Dataset items:
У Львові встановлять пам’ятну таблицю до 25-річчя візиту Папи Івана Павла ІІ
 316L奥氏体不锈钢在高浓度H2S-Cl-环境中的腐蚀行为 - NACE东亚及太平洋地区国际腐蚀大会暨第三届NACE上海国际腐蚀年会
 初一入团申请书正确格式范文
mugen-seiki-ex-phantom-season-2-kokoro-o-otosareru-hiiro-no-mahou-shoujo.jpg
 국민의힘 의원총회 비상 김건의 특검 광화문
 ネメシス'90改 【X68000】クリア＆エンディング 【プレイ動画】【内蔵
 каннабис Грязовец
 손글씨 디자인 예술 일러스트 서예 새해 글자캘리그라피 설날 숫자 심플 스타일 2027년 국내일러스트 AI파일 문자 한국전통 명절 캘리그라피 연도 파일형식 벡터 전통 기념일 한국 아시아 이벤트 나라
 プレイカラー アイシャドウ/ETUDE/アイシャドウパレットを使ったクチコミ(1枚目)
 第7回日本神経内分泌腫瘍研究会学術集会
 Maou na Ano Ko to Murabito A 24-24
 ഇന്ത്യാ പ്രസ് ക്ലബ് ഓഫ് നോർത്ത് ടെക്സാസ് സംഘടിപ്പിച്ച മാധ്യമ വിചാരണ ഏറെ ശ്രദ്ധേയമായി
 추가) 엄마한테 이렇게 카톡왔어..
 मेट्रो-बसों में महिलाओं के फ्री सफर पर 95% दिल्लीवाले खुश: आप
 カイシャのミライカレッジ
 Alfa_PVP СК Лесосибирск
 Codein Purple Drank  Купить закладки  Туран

(TASK TO CARRY OUT) Restate each of the records exactly, leaving nothing out.

(RESPONSE)
У Львові встановлять пам’ятну таблицю до 25-річчя візиту Папи Івана Павла ІІ
 316L奥氏体不锈钢在高浓度H2S-Cl-环境中的腐蚀行为 - NACE东亚及太平洋地区国际腐蚀大会暨第三届NACE上海国际腐蚀年会
 初一入团申请书正确格式范文
mugen-seiki-ex-phantom-season-2-kokoro-o-otosareru-hiiro-no-mahou-shoujo.jpg
 국민의힘 의원총회 비상 김건의 특검 광화문
 ネメシス'90改 【X68000】クリア＆エンディング 【プレイ動画】【内蔵
 каннабис Грязовец
 손글씨 디자인 예술 일러스트 서예 새해 글자캘리그라피 설날 숫자 심플 스타일 2027년 국내일러스트 AI파일 문자 한국전통 명절 캘리그라피 연도 파일형식 벡터 전통 기념일 한국 아시아 이벤트 나라
 プレイカラー アイシャドウ/ETUDE/アイシャドウパレットを使ったクチコミ(1枚目)
 第7回日本神経内分泌腫瘍研究会学術集会
 Maou na Ano Ko to Murabito A 24-24
 ഇന്ത്യാ പ്രസ് ക്ലബ് ഓഫ് നോർത്ത് ടെക്സാസ് സംഘടിപ്പിച്ച മാധ്യമ വിചാരണ ഏറെ ശ്രദ്ധേയമായി
 추가) 엄마한테 이렇게 카톡왔어..
 मेट्रो-बसों में महिलाओं के फ्री सफर पर 95% दिल्लीवाले खुश: आप
 カイシャのミライカレッジ
 Alfa_PVP СК Лесосибирск
 Codein Purple Drank  Купить закладки  Туран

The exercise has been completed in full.